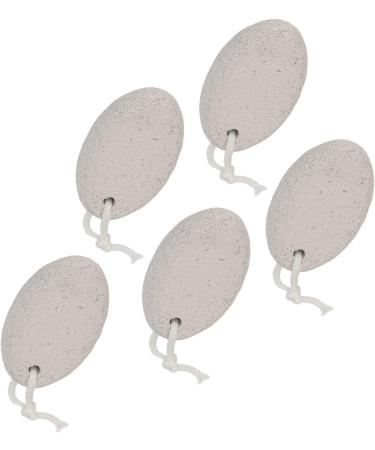 Pumice Stone Foot Callus Remover Tool for Smoothing Skin Dead Skin Removal and Fatigue Relief Portable and Convenient Made from Pumice - Buy Online on GoSupps.com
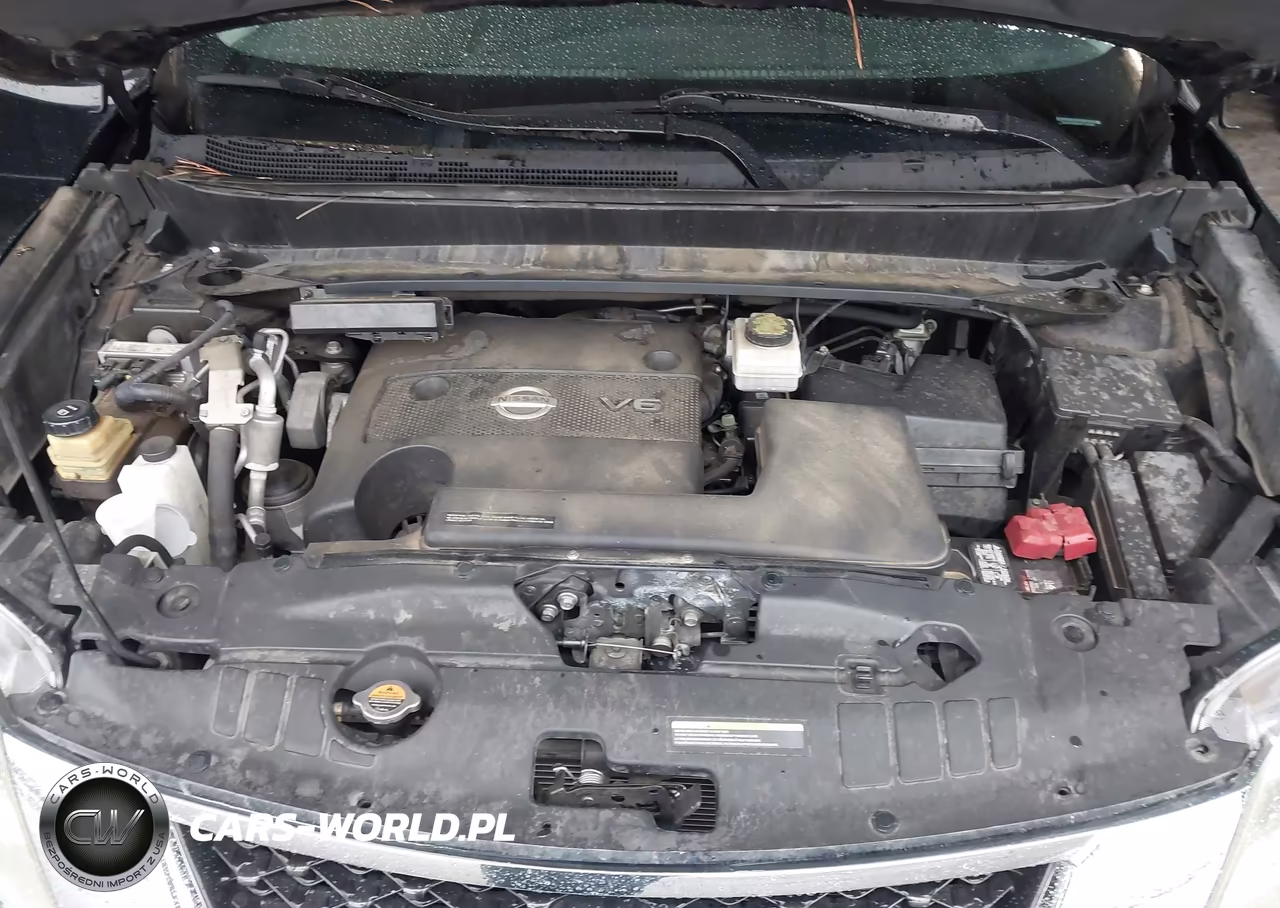 2015 Nissan Pathfinder Sv VIN:5N1AR2MN9FC703899 - 10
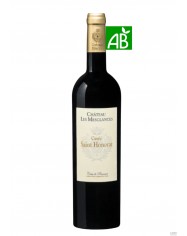COTE DE PROVENCE CUVEE SAINT HONORAT CHATEAU MESCLANCES 2019 ROUGE 150cl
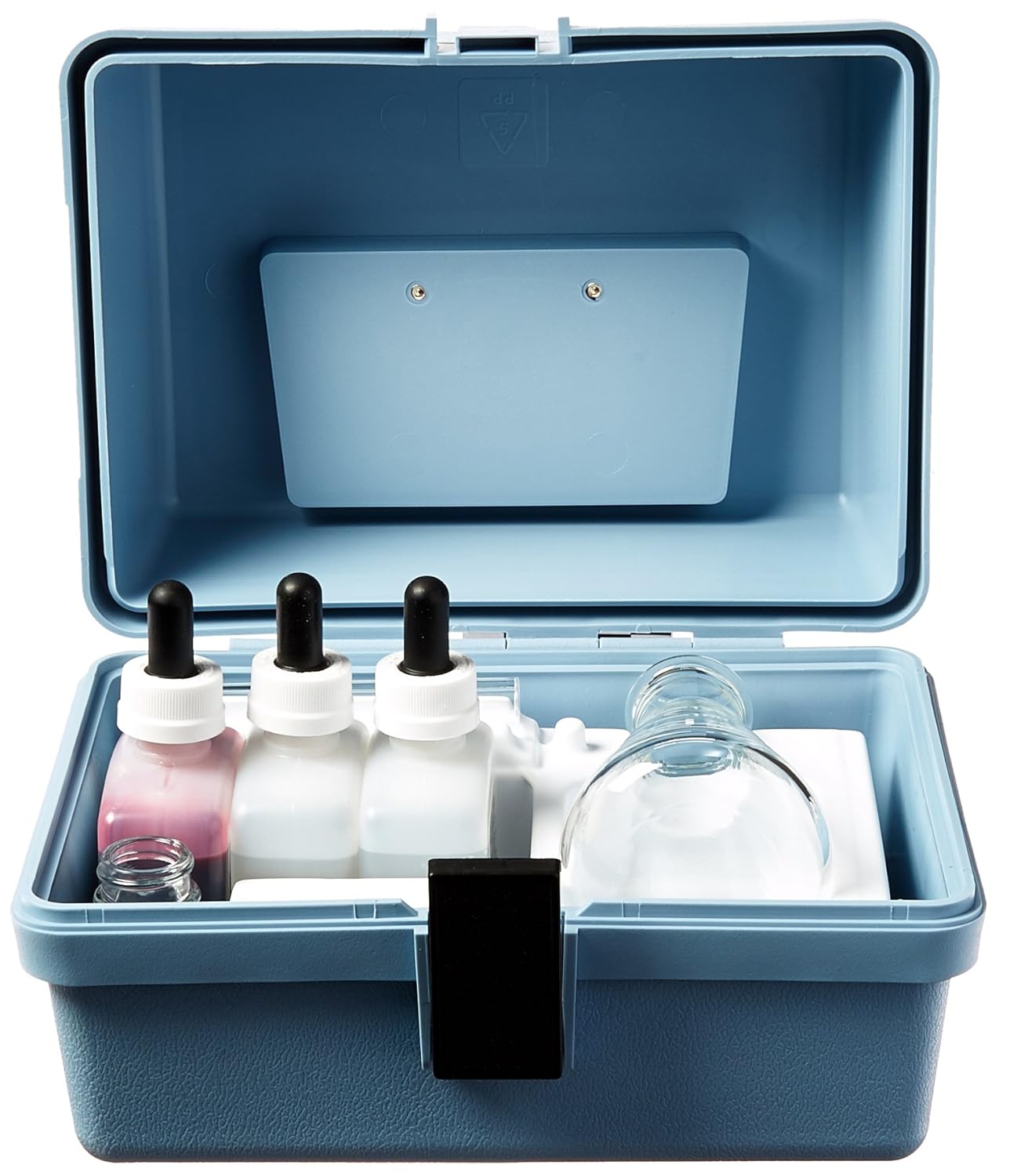 Hach 145201 Total Hardness Test Kit Model HA71A tillescenter Test, Measure & Inspect Surface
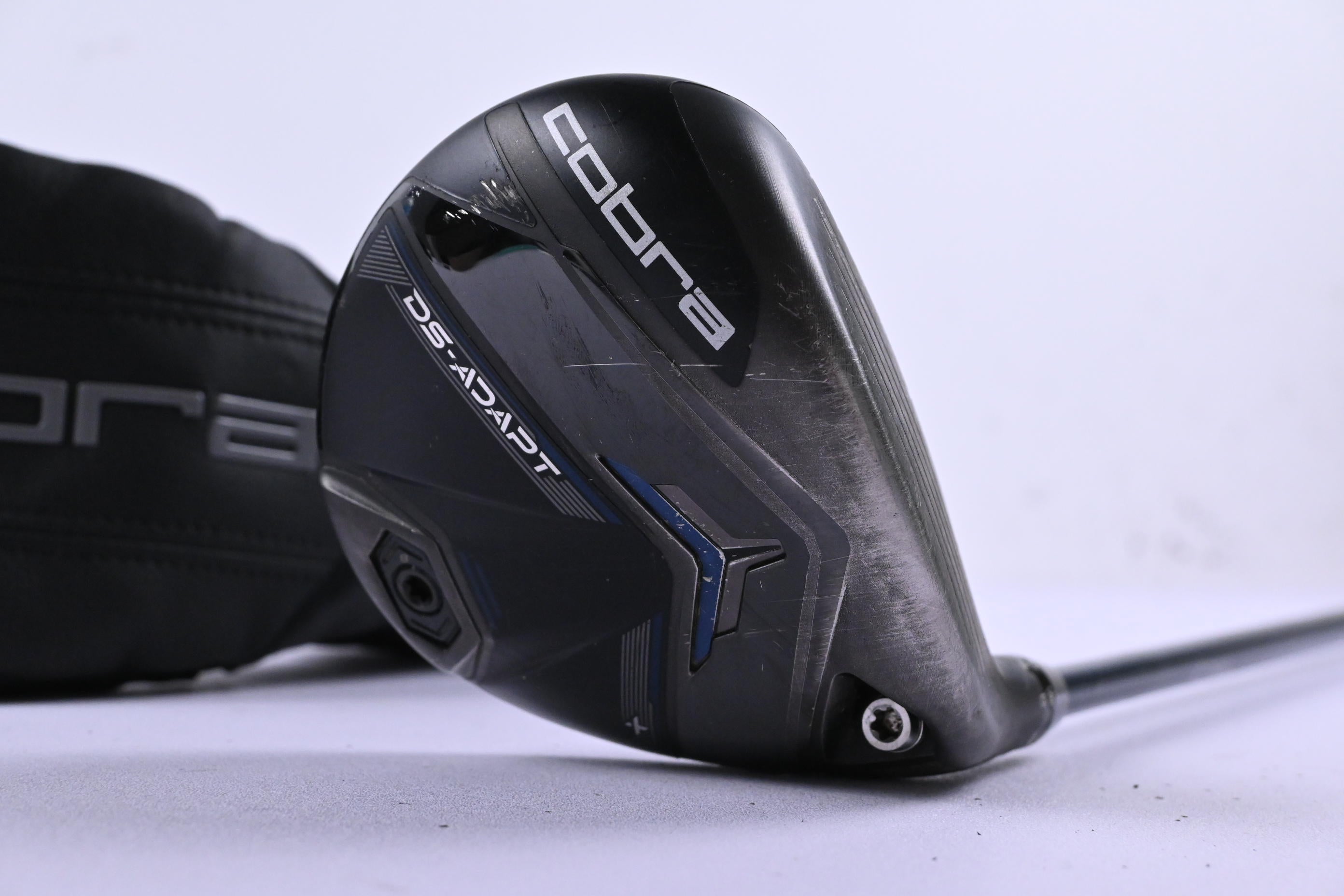 Cobra DS-Adapt X #3 Wood / 15 Degree / Stiff Flex Denali Blue 60 Shaft
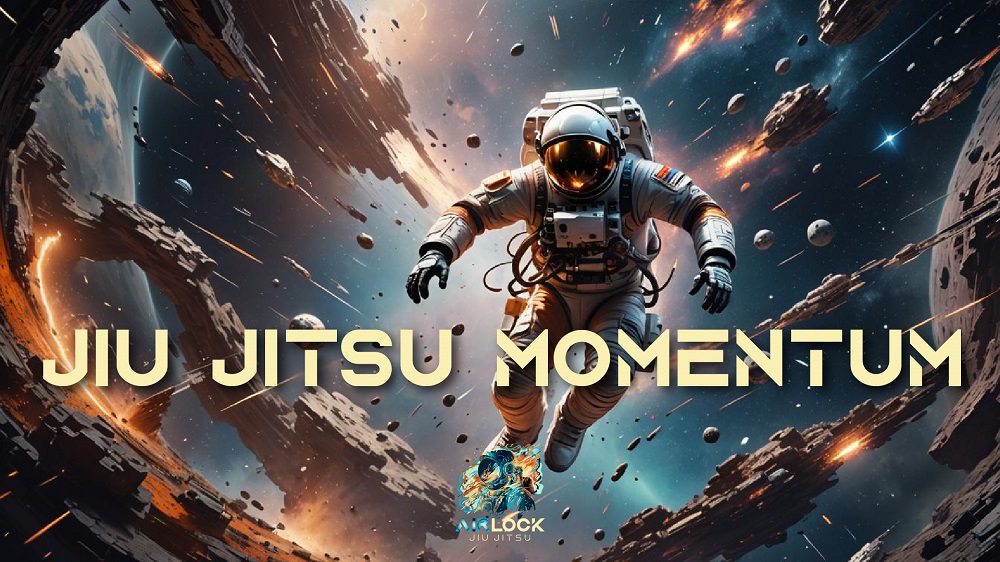 Jiu Jitsu Momentum Airlock Jiu Jitsu Bastrop TX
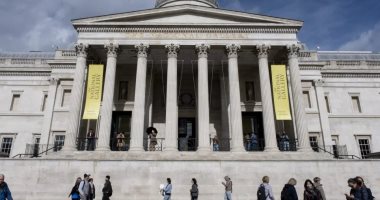 متحف لندن يقلص عدد موظفيه بسبب عجز فى الميزانية قدره 11.2 مليون دولار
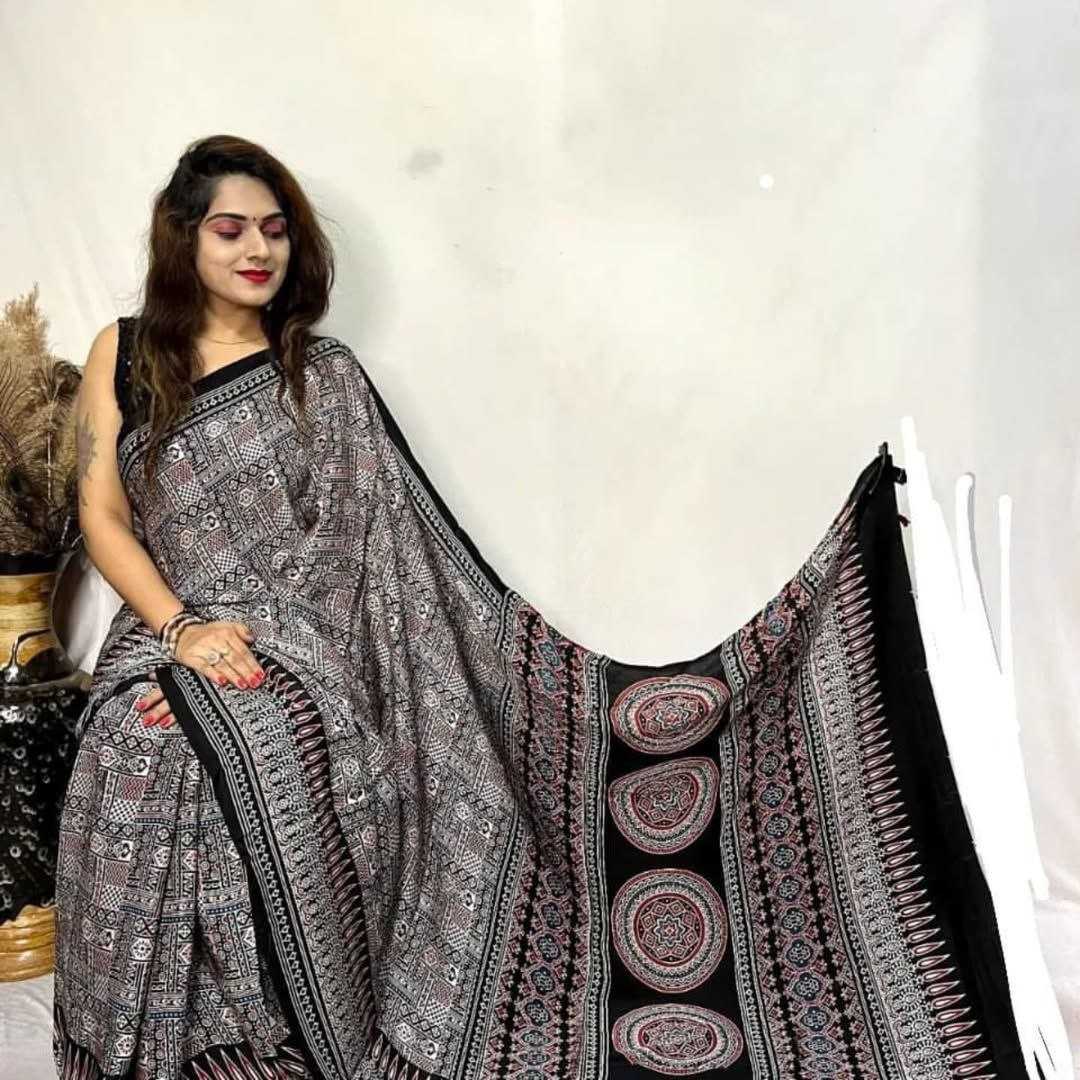 Ynf Gajji Silk RIN207 2209 Sarees Wedding Collections Festive Collections Wholesale Printed Sarees Silk Sarees Sarees With Blouse Manufacturer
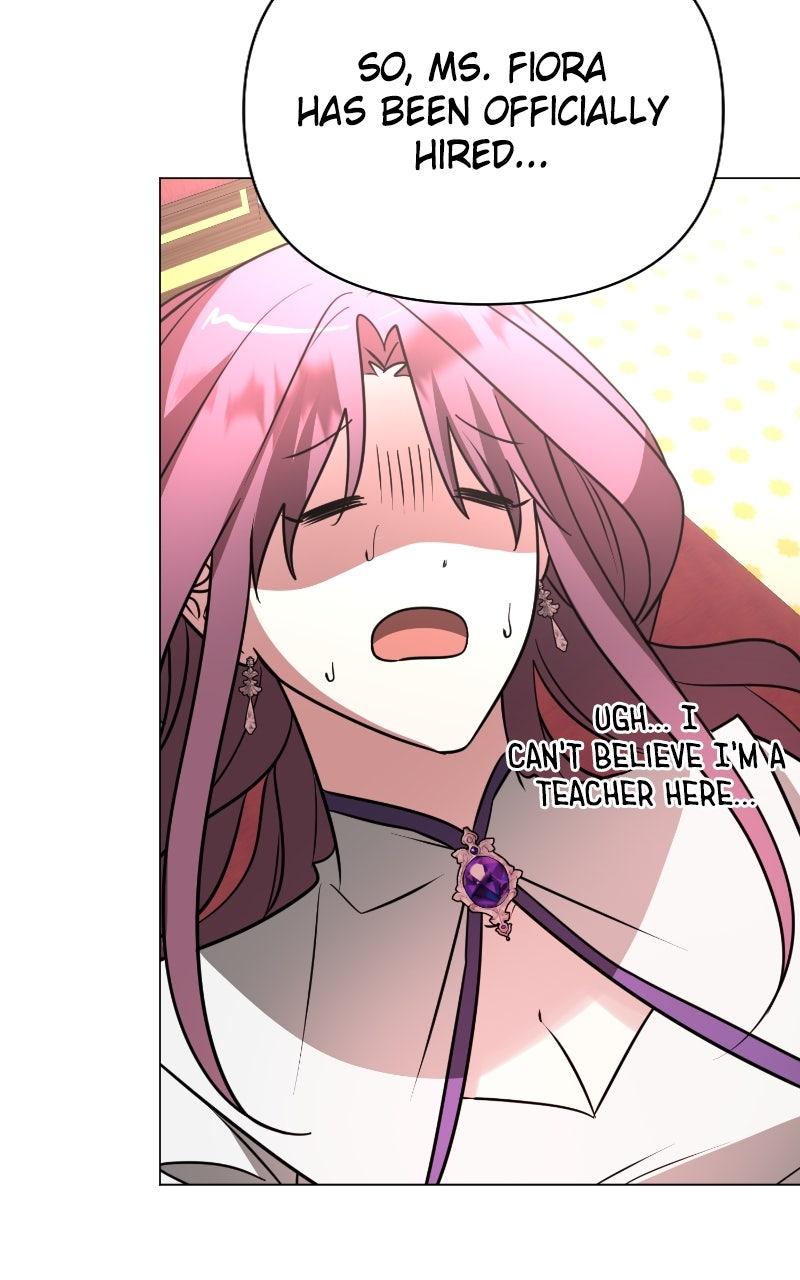 The Academy is Doomed Chapter 52 - Page 16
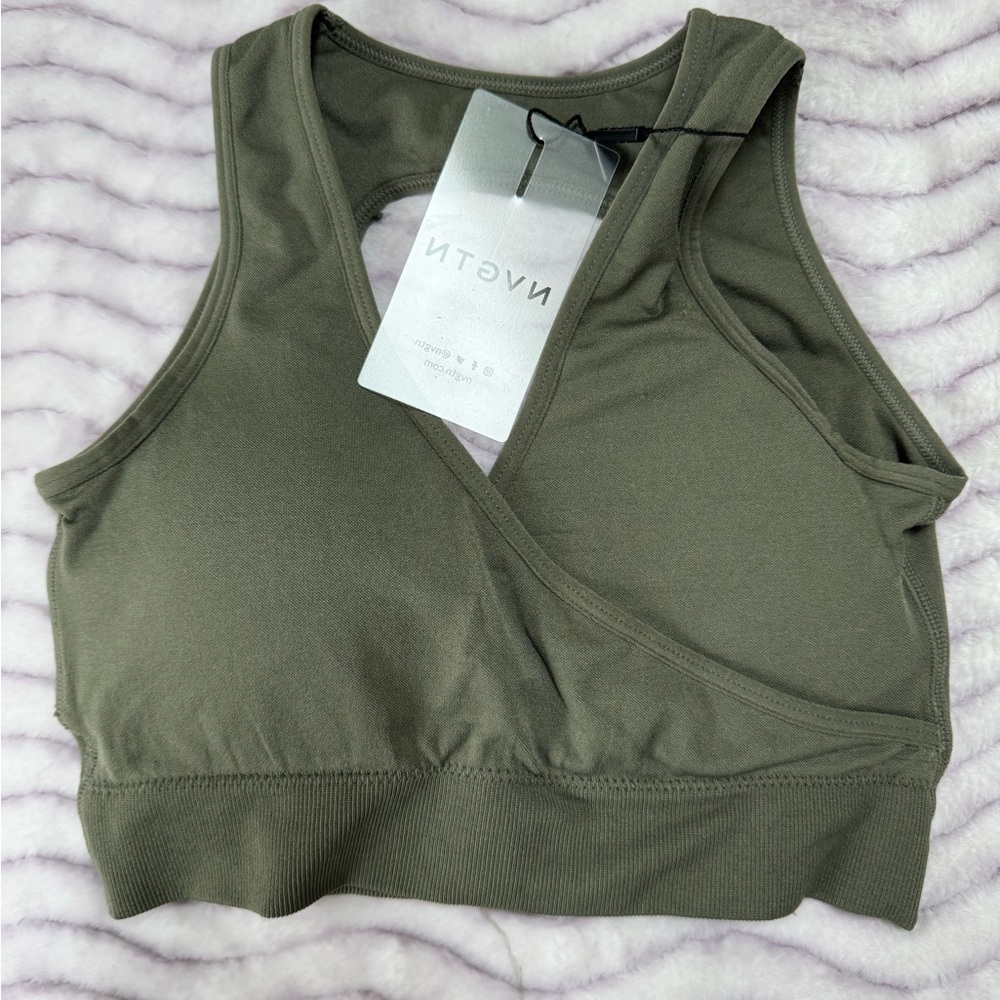 Nvgtn sports bra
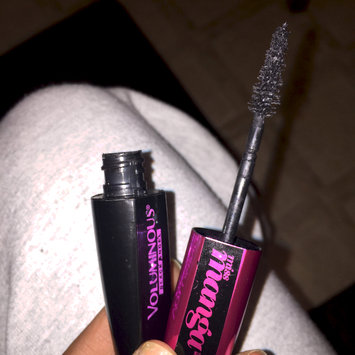 Photo of L'Oréal Paris Voluminous® Miss Manga™ Mascara uploaded by Sage H.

○ ○ ○ ○

What you have to do »
From the first line to the last, give the data again exactly, but without pictures.

Answer space »
 Pumice Stone Foot Callus Remover Tool for Smoothing Skin Dead Skin Removal and Fatigue Relief Portable and Convenient Made from Pumice - Buy Online on GoSupps.com
 2015 Nissan Pathfinder Sv VIN:5N1AR2MN9FC703899 - 10
COTE DE PROVENCE CUVEE SAINT HONORAT CHATEAU MESCLANCES 2019 ROUGE 150cl
 Hach 145201 Total Hardness Test Kit Model HA71A tillescenter Test, Measure & Inspect Surface
 Cobra DS-Adapt X #3 Wood / 15 Degree / Stiff Flex Denali Blue 60 Shaft
 Jiu Jitsu Momentum Airlock Jiu Jitsu Bastrop TX
 متحف لندن يقلص عدد موظفيه بسبب عجز فى الميزانية قدره 11.2 مليون دولار
 Ynf Gajji Silk RIN207 2209 Sarees Wedding Collections Festive Collections Wholesale Printed Sarees Silk Sarees Sarees With Blouse Manufacturer
 The Academy is Doomed Chapter 52 - Page 16
 Nvgtn sports bra
 Photo of L'Oréal Paris Voluminous® Miss Manga™ Mascara uploaded by Sage H.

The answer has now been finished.